За обедом папа выслушал детей и нахмурился:

— И ты веришь, Катя, всякой ерунде? Сбил тебя с толку Руди, затуманил голову всякой дурью. Художник, видите ли! Сочинитель!

— Не так все просто, Свен, — возразила мама - Уцелевшие корни и зерна проросли сквозь радиоактивный пепел, как после лесного пожара. В резко изменившихся условиях растительный мир за сотни лет выживания прошел эволюционный путь с самыми неожиданными мутационными сдвигами. После обеда схожу с Руди и посмотрю. — Взглянув на сына, она улыбнулась: — Может быть, услышим?

Но ничего не услышали. Старик тополь молчал, вообще все в роще заснуло под палящими лучами полуденного солнца. Не стучал дятел, спрятались от жары синицы. И лишь сорока изредка улетала куда-то с деловитым видом, возвращалась и не обращала на людей никакого внимания.

Пристыженный и обиженный, Руди сидел под старым тополем и прислушивался. Ничего, ни звука. Изредка налетит легкий ветерок, прошелестит в листве, и снова тишина. Мама через увеличительное стекло рассматривала кору тополя. Потом уходила к соседним деревьям. Она осторожно срывала листья, выкапывала какие-то корешки. С этой добычей она вернулась в лабораторию и за ужином сказала:

— И в самом деле, Свен, деревья странные. Наряду с фотосинтезом в них происходят очень сложные процессы. Особенно непонятно биополе у самого старого тополя.
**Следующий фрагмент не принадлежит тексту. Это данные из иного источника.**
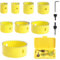 Knpwer 11 Stück Lochsägen Set,19-64mm Bohrkrone, Karbonstahl,Lochsägenschneider-Set,Downlights, Bohrer Bits für Holz,Gipskarton, Kunststoff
Как ты называешь его, Руди?

— Дедушка.

— И впрямь патриарх, ему сотни и сотни лет. Говорить вряд ли умеет. Но вполне возможно, что дерево…

— Думает! — насмешливо подсказал папа.

— А почему бы и нет? — рассердилась мама. — Ты совсем закоснел со своими машинами. Эти дубины… Прости, Мистер Грей, я не о тебе. Да, да! Твои дубины не мыслят, а перебирают варианты. А дерево такой же живой организм, как и ты. Оно может чувствовать, переживать и даже… Не смейся! Даже думать.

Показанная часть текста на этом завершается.